■ **Exercise brief**
Print the lines from the one containing "Building Photo - 2815 Goldbridge Dr" through the end of the material below, both included, exactly as they appear and without pictures.

■ **Given information**
━━━━━━━━━━━━━━━━

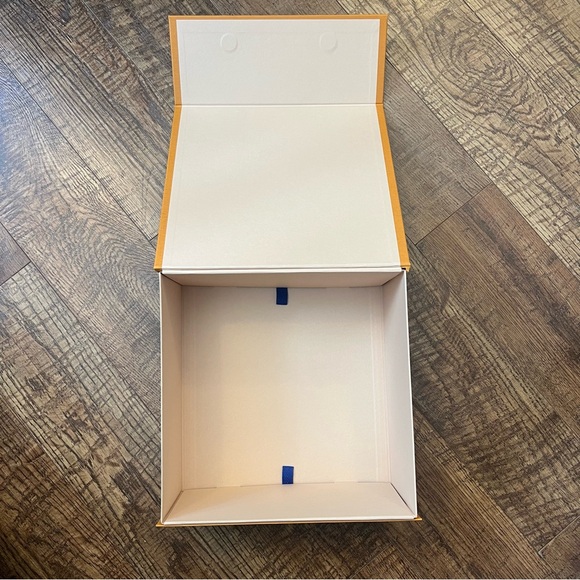 Louis Vuitton Signature Magnetic Closure Storage/Gift Box - Picture 6 of 11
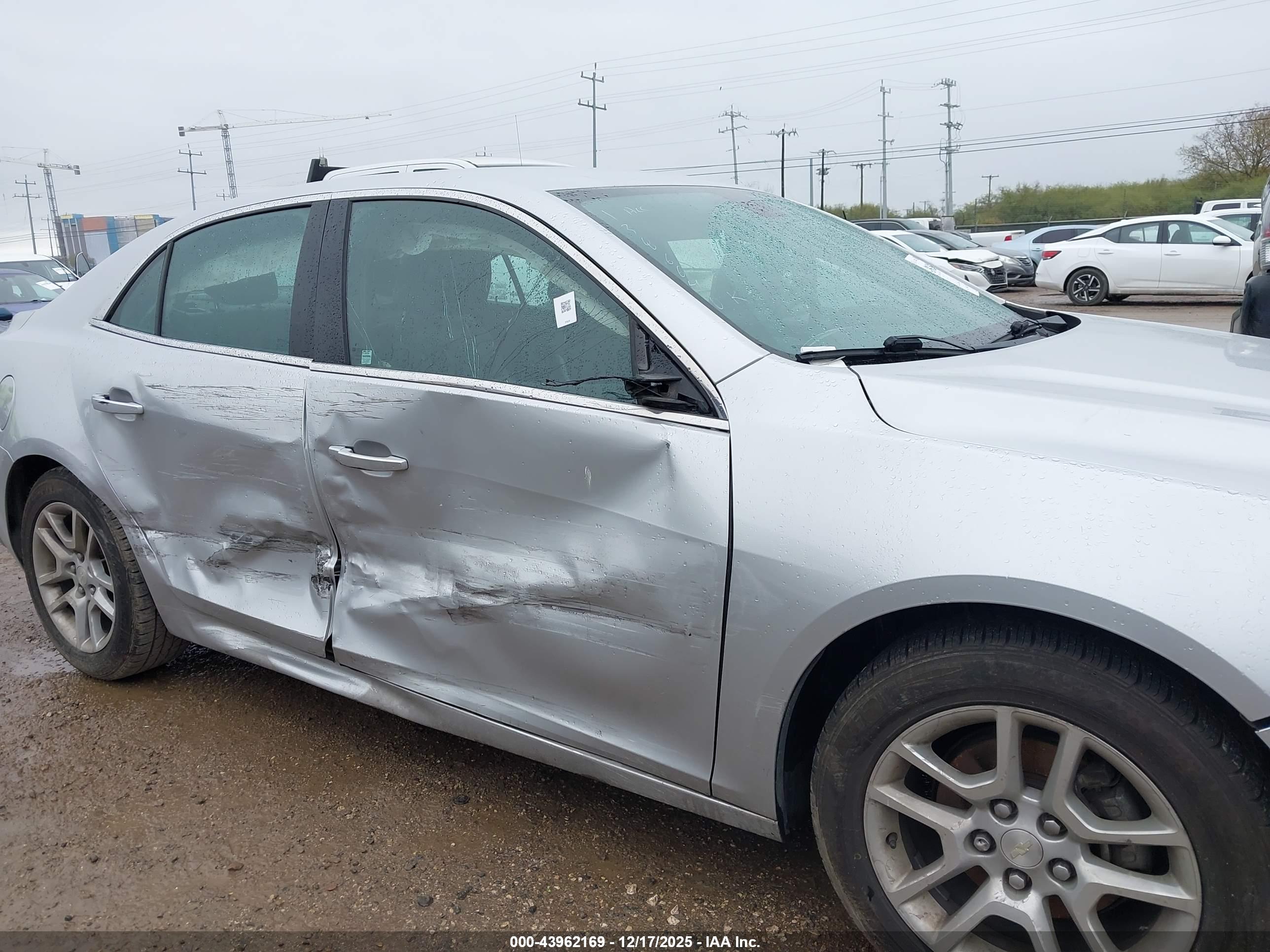 CHEVROLET MALIBU image 6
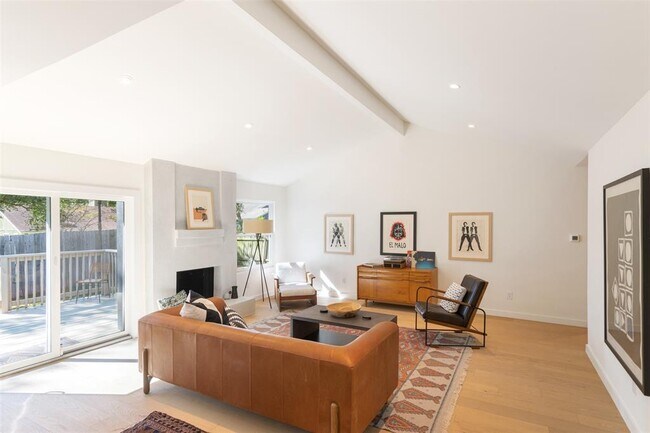 Building Photo - 2815 Goldbridge Dr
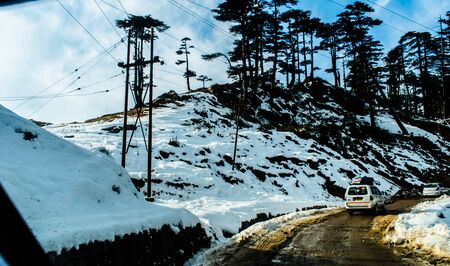 roads covered by snow between mountains of Patnitop and nathatop Jammuの写真素材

━━━━━━━━━━━━━━━━

■ **Exercise output**
 Building Photo - 2815 Goldbridge Dr
 roads covered by snow between mountains of Patnitop and nathatop Jammuの写真素材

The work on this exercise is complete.